Minecraft and Marriage

So, I’ve been playing minecraft a lot, you should be familiar enough with that by now. What’s different though is that now I’ve bought it for Dru and we’re playing together on a server I’ve setup on the mediabox. It’s been a strange experience, but ultimately very enjoyable. Dru and I rarely play games together, especially if they are computer games. Generally we have wildly different skill levels and it just leads to frustration for everyone involved but with minecraft things are very different. Being the sandbox game that it is, there isn’t that same kind of competitiveness nor is there the same kind of challenges involved regarding control systems and reaction times. It’s a very slow paced game and it’s full of wonder and exploration.

I think it’s actually brought us closer together in a way. We’re together as husband and wife, exploring a strange new world and bending it to our will, shaping the elements to protect us against the dangers that lurk in the dark. There is something powerful about that, when there is just the two of you together against the elements and by necessity you become closer, trust each other more, rely on one another. I logged in during lunch to have Dru tell me she’d made me some armour to protect me and in the morning I’d spent some time before work building up our hut and making a little boulevard of tree across the lake to our door because I thought she’d like it (and she did).

It’s weird, building things for each other, surviving together, working together like that. It’s a completely different gaming experience, even in things like Civilisation which is very similar in terms of sandbox-y type gameplay. The difference is thought that there are no real win conditions in minecraft, it’s purely what you put into it and it’s that, two people pouring themselves into the shared creation of a world, that makes a special kind of bond.

This isn’t to say that we didn’t have a bond to start with, we are married after all, but rather it’s created another nuanced layer, joining us in an arena we’ve normally been distant in. Games aren’t a massive part of my life, I wouldn’t say I’m a hardcore gamer by any stretch of the imagination but it is important to me and to be able to share it with my wife like this really means a lot. I think that’s the thing I enjoy most about minecraft really, more than any of the single player adventures I’ve had it this shared journey I’ve been taking with my wife. There’s just something magical and intangible about it all.

I wonder how many other people find that bond is the thing that makes the game for them, I wouldn’t be surprised to learn it’s a large number. Minecraft is a very basic, buggy game with barely any features and many problems but it has that character to it that really appeals to a shared sense of wonder and collaboration and it think it’s quite possibly that, over any of the other things, that make the game as compelling as it is. The single player manages some of that to a degree but the multiplayer experience really is something else. Saying that, I don’t think I’d enjoy it in a public server nearly as much as I’m enjoying playing it alone with my wife. That sense of intimacy is what makes the game for me and that would be lost playing over the internet with strangers. Perhaps though, playing with friends I already know, a similar kind of feeling could be achieved, just imagining it I can already feel a taste of that compelling experience, the primed potential just waiting to be expressed.
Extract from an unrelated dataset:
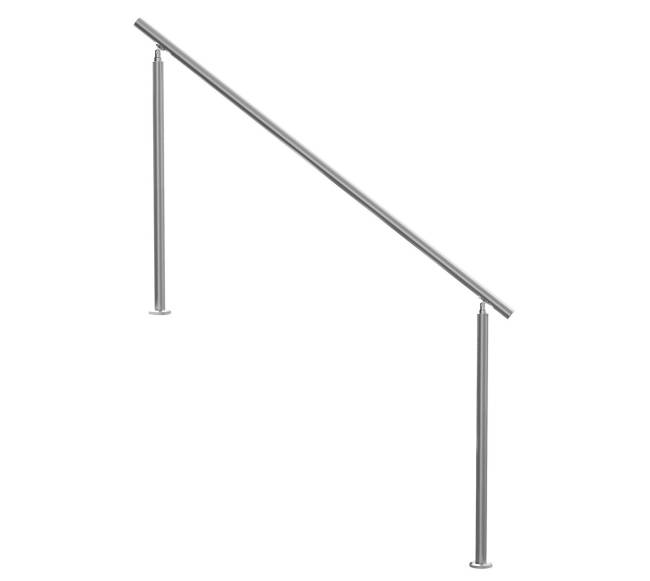 Lauko turėklai laiptams ir verandoms10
I’m rarely moved by games, in fact generally I don’t play many mainstream games because they seem very empty and soulless. Many are the same as all the others and even though they may have their own unique identity they are still based around a core that is all to recognisable. First Person Shooters are particularly bad for this, but it exists to a lesser extent in the other genres.

Minecraft however has really made a real impact with me. I haven’t been this effected by a game since Aquaria, which is still one of my favourite games of all time and still astounds me with it’s simplicity and beauty. Indie games are the future and the strongest case for games as art as anyone could hope for. I doubt you’ll ever see a game that can provoke such a profound experience from a large publisher, though I’d love to be proved wrong.